This massive shift occurred 800 million years ago, explained Adam Maloof, an associate professor of geosciences at Princeton University, in an NPR interview. Its rate of about 20 inches (50 centimeters) per day is breakneck speed in geology. That’s some five times faster than the rate that Earth’s crust moves today.
He said that the globe, as it rotates, shifts its weight toward the equator to maintain equilibrium, while the crust is sliding laterally: “The core of the Earth, the outer part, is actually fluid iron, and it has about the viscosity of water.”
This accounts for one of myriad moments when the universe went boom.
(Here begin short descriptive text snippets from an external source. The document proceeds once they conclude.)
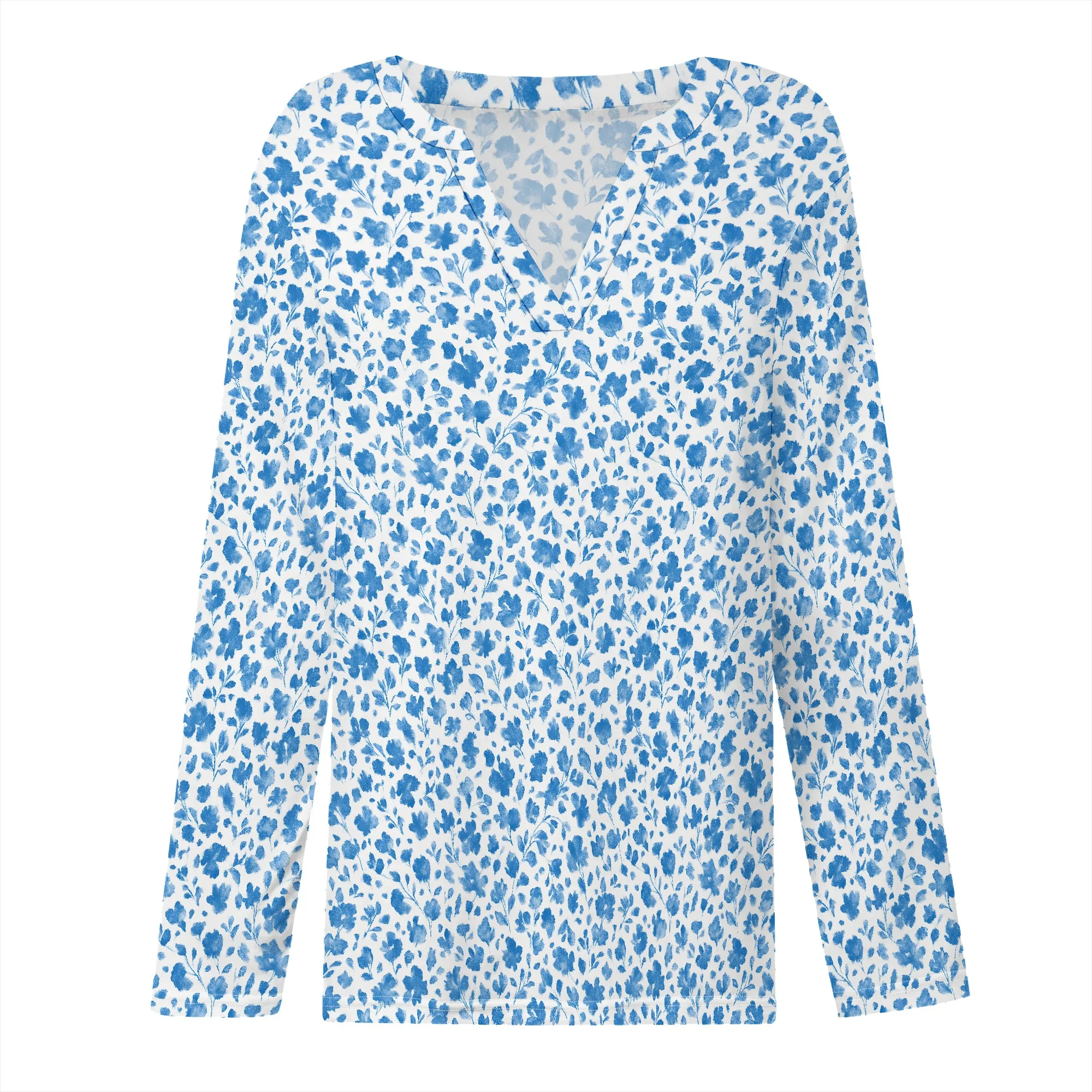 สตรีฤดูร้อนเสื้อแขนยาว V คอลําลองพิมพ์เสื้อ Basic เสื้อหลวม Fit เสื้อ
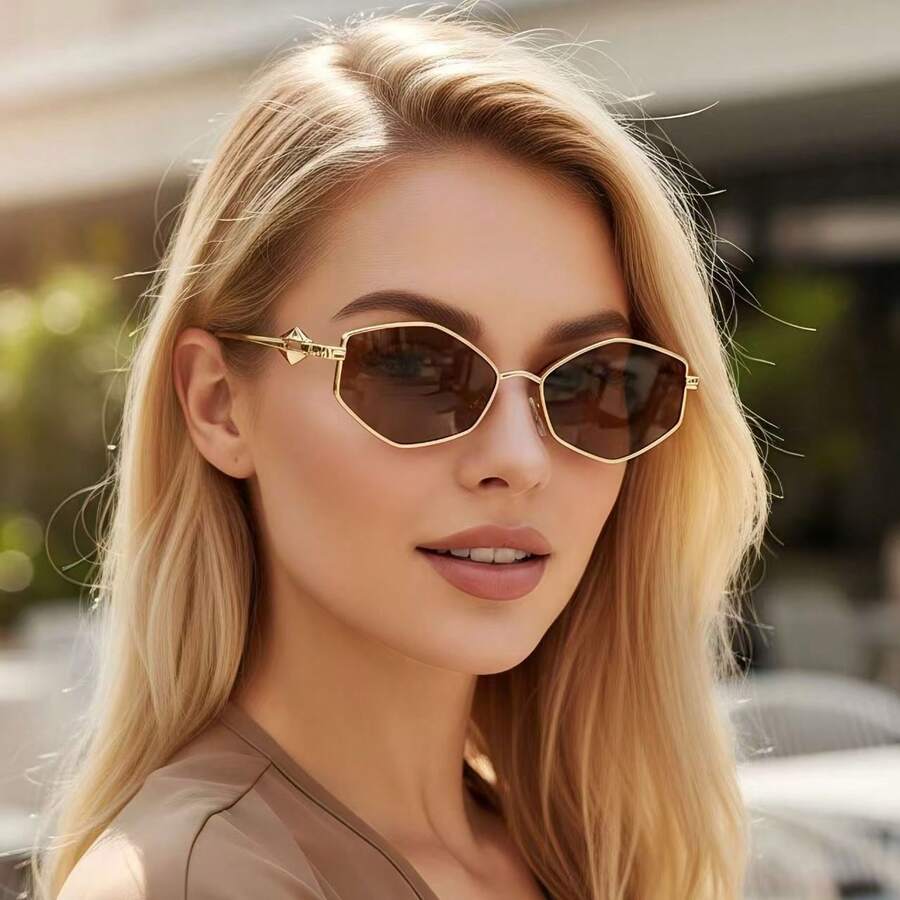 1 Pair Women's Geometric Frame Metal Fashion Design Glasses, Casual, Elegant, Suitable For Party, Beach, Daily Wear, Holiday Gift - Multicolor - View 1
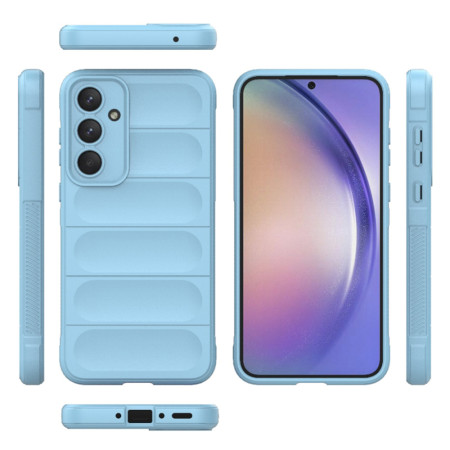 Husa pentru Samsung Galaxy A54, Antisoc, Margini cu Striatii, Design Minimalist, Bleu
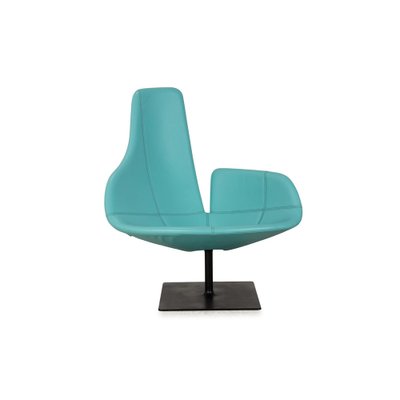 Fjord Leather Armchair in Turquoise Blue by Patricia Urquiola for Moroso-RQW-2036331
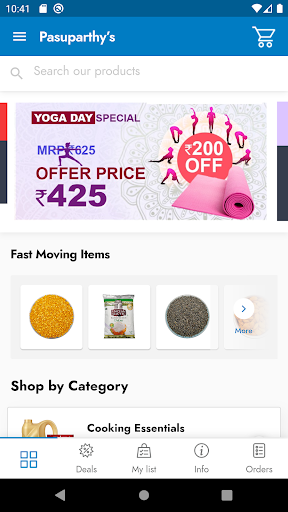 Android application Pasuparthy’s Supermarket screenshort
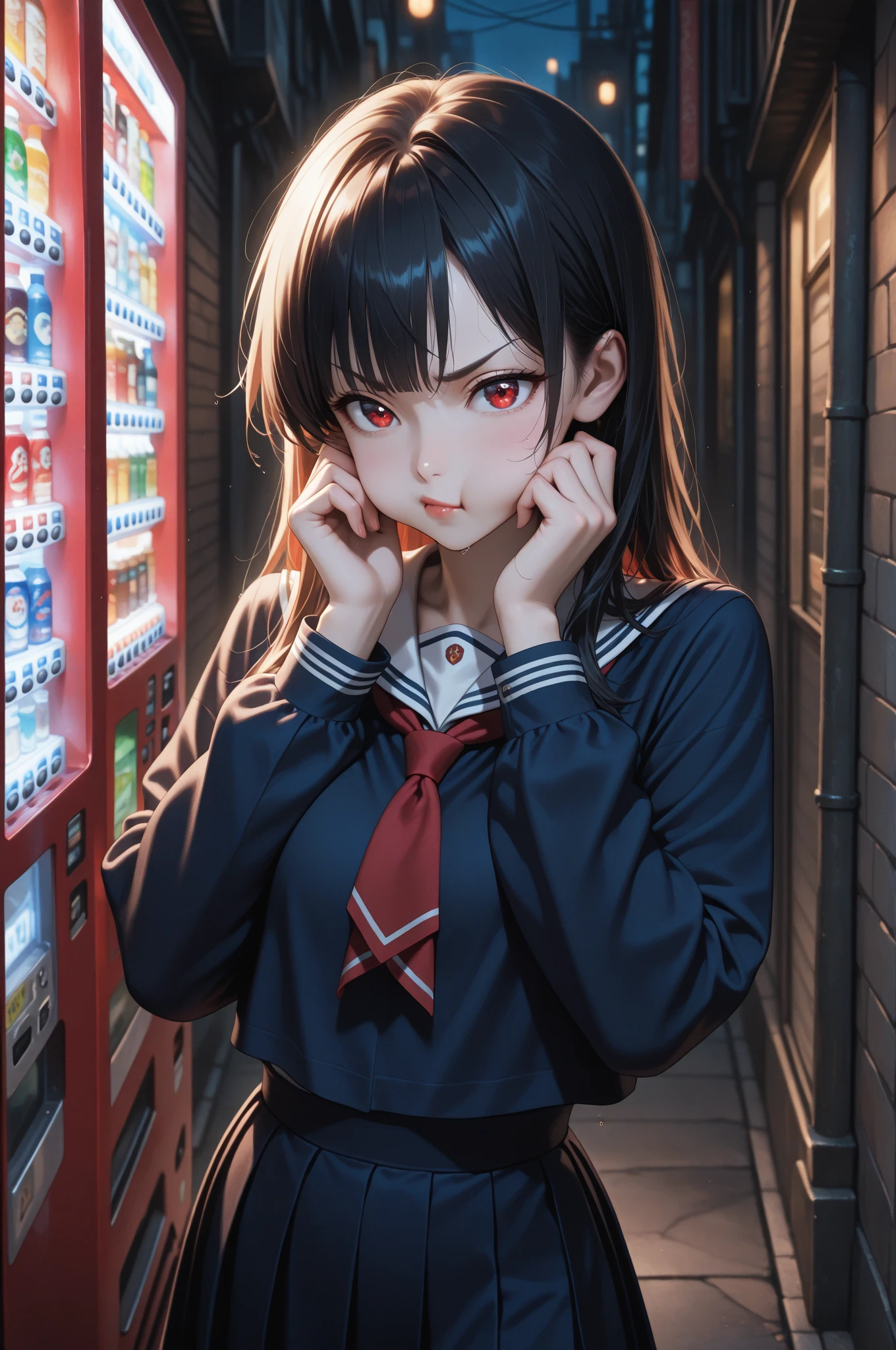 (masterpiece, highly detailed, anime style, cinematic night lighting), a mysterious girl from an urban legend, medium close-up (from waist up), standing alone in a dimly lit narrow alley in Japan at night.
She has long, straight black hair with silky texture and soft curtain bangs. Her soft oval face is pale and smooth, with no visible facial bone structure. Her small, sharp lips are pursed into a pout, and her cheeks are slightly puffed out in a subtle, irritated expression. Her brows are furrowed — a mix of frustration and eerie attitude.
She wears a black long-sleeved Japanese school uniform with red accents — the kind seen in older ghost stories. Her blouse is slightly untucked, and her tie is loosely worn, adding a rebellious edge. Mist lingers around her, and the neon reflections on the wet alley ground cast a dramatic glow.
Her arms are crossed, body posture stiff but confident — like she’s annoyed at being disturbed or summoned. Vending machines and signage blur in the background, but she’s the center of visual gravity.
Mood: eerie yet unexpectedly expressive, attitude-driven, iconic anime urban ghost with a twist of tsundere energy.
Others far larger have occurred beyond our terrestrial realm.
In 2006, space probe Stardust brought back to Earth fascinating matter gathered from the comet Wild 2. Scientists expected to find substances formed far away from the sun—“cold” material—but found instead that it had matter forged both near and far away from the sun.
The astonishing implications were that matter formed abundantly in the inner solar system but was shot to the edge of the solar system.
Exploded Planet Hypothesis
Astronomer Tom Van Flandern counts those findings from Wild 2 as evidence supporting what’s called the Exploded Planet Hypothesis. He has said that over the course of the solar system’s 4.6 billion-year history, some of its planets were destroyed in blasts of great magnitude.This is a controversial hypothesis. Van Flandern had received pressure from his colleagues to drop it. He came to support this theory after beginning research that was intended to discredit it. Receiving his Ph.D. in astronomy from Yale, he has worked for 20 years at the U.S. Naval Observatory, where he became chief of the celestial mechanics branch, before beginning independent research on his more controversial topics.
Late Heavy Bombardment
Not long after the major planets formed, an unexpectedly large number of asteroids, it is believed, collided with the terrestrial planets, including Earth.Van Flandern states: “The late heavy bombardment, a real solar system event, sounds like an early planetary explosion event.”
Planets Moving
According to NASA: “One model for our own solar system suggests that our giant planets’ orbits shifted dramatically early in the solar system’s history, with Jupiter’s orbit migrating slightly inward toward the sun, and those of Saturn, Neptune, and Uranus expanding farther from the sun. These dramatic movements gave us the order of the planets and smaller bodies that we are familiar with today, and caused many smaller bodies (such as comets) to scatter.”Pulling forces from cosmic bodies beyond our solar system continue to cause changes in the alignment of planets, as slow and minute as those alterations may appear to us.
The bumpy history of our planet, moon, and solar system is still being explored and reveled by scientists. Did the planets form initially in their present locations, or have they moved around dramatically over the course of history? Have some even exploded? The mysteries behind these incredible cosmic forces, and their history, propels the imagination on into the future. Might there be more and far greater big booms yet to come? Shifting landmasses? Perhaps planets transiting the solar system? Only time will tell.